From a climate sceptic perspective, this manual exemplifies how activist-driven narratives are being laundered through ostensibly authoritative channels to predispose judges toward alarmist claims in ongoing and future lawsuits — particularly those targeting fossil fuel companies over alleged climate harms. The climate chapter cites and footnotes prominent figures in the climate litigation ecosystem, including climatologist Michael Mann (known for the controversial "hockey stick" graph and aggressive advocacy) and Jessica Wentz, a key figure at Columbia's Sabin Center for Climate Change Law and tied to the Environmental Law Institute's (ELI) Climate Judiciary Project (CJP). These are are deeply invested in promoting the narrative that human-caused climate change is catastrophic, urgent, and actionable through the courts.

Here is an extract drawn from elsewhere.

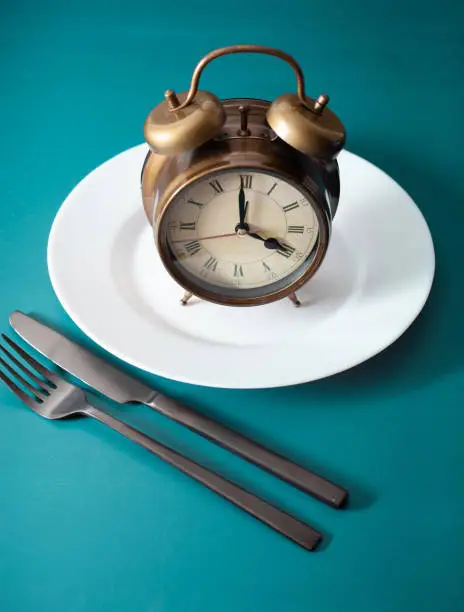 concept of intermittent fasting, ketogenic diet, weight loss. fork and knife on a plate and alarmclock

Critics argue this blurs — or outright erases — the line between objective judicial education and indoctrination. A resource meant to equip judges with tools to evaluate evidence fairly instead risks priming them to accept alarmist assumptions as settled fact: that climate change is overwhelmingly anthropogenic, that models projecting doom are reliable, and that concepts like the "social cost of carbon" should guide damage calculations in litigation. Such framing effectively prejudges key disputes in climate nuisance cases, where defendants (energy producers) challenge attribution, foreseeability, and the propriety of judicial remedies for global phenomena better left to policy branches.

This isn't isolated. It ties into broader concerns about the ELI's CJP, which has faced scrutiny from the House Judiciary Committee (under Chairman Jim Jordan) for allegedly improper influence via seminars, curricula, and materials aimed at judges. Republican-led probes, including letters demanding records, highlight how such programs may violate judicial ethics by exposing judges to one-sided content from parties with stakes in pending litigation. A coalition of 27 state attorneys general (led by West Virginia) has gone further, demanding the manual's withdrawal due to its authorship and sourcing by litigation proponents. They point out that the climate section relies on biased research and effectively endorses plaintiff-favourable positions, undermining impartiality.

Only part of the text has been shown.